Within the records that follow, find every line containing the string "Thick". Copy those lines.

Records from a collection
#####
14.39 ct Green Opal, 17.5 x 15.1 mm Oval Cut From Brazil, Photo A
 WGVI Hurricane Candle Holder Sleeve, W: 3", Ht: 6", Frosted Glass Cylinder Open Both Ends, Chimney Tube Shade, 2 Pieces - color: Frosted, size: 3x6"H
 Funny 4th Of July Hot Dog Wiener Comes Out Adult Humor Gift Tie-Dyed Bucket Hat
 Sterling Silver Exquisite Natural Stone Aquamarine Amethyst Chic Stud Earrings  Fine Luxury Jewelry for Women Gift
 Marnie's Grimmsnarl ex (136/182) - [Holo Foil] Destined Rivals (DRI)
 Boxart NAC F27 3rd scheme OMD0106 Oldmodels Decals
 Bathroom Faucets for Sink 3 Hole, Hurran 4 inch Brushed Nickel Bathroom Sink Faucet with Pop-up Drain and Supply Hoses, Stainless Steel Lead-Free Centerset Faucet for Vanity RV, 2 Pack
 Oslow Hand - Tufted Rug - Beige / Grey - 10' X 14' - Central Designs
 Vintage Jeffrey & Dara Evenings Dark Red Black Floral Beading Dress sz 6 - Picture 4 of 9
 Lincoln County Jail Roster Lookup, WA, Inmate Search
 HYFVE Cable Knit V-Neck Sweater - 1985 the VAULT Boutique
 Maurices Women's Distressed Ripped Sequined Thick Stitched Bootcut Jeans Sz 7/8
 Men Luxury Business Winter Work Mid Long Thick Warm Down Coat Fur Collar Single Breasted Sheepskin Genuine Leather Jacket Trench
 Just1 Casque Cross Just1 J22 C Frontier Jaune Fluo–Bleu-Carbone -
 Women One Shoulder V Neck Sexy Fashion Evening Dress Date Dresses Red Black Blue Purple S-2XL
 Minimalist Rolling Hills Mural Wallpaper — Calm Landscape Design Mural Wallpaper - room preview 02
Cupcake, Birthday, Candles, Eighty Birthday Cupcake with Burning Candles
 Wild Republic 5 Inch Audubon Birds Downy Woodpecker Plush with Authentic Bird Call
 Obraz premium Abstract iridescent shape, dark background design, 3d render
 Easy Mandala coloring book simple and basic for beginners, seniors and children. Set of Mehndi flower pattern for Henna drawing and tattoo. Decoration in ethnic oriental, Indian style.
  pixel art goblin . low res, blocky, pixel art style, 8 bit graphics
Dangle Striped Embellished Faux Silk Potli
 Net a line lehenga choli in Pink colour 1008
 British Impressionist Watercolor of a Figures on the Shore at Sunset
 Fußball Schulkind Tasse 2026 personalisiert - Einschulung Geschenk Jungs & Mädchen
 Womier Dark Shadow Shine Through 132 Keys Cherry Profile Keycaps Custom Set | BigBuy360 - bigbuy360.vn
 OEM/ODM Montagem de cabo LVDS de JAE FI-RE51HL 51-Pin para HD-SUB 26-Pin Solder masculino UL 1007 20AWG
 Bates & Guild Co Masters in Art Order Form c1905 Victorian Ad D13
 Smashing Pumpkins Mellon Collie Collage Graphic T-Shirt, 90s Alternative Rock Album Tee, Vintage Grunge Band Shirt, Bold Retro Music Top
#####
Answer »
 Maurices Women's Distressed Ripped Sequined Thick Stitched Bootcut Jeans Sz 7/8
 Men Luxury Business Winter Work Mid Long Thick Warm Down Coat Fur Collar Single Breasted Sheepskin Genuine Leather Jacket Trench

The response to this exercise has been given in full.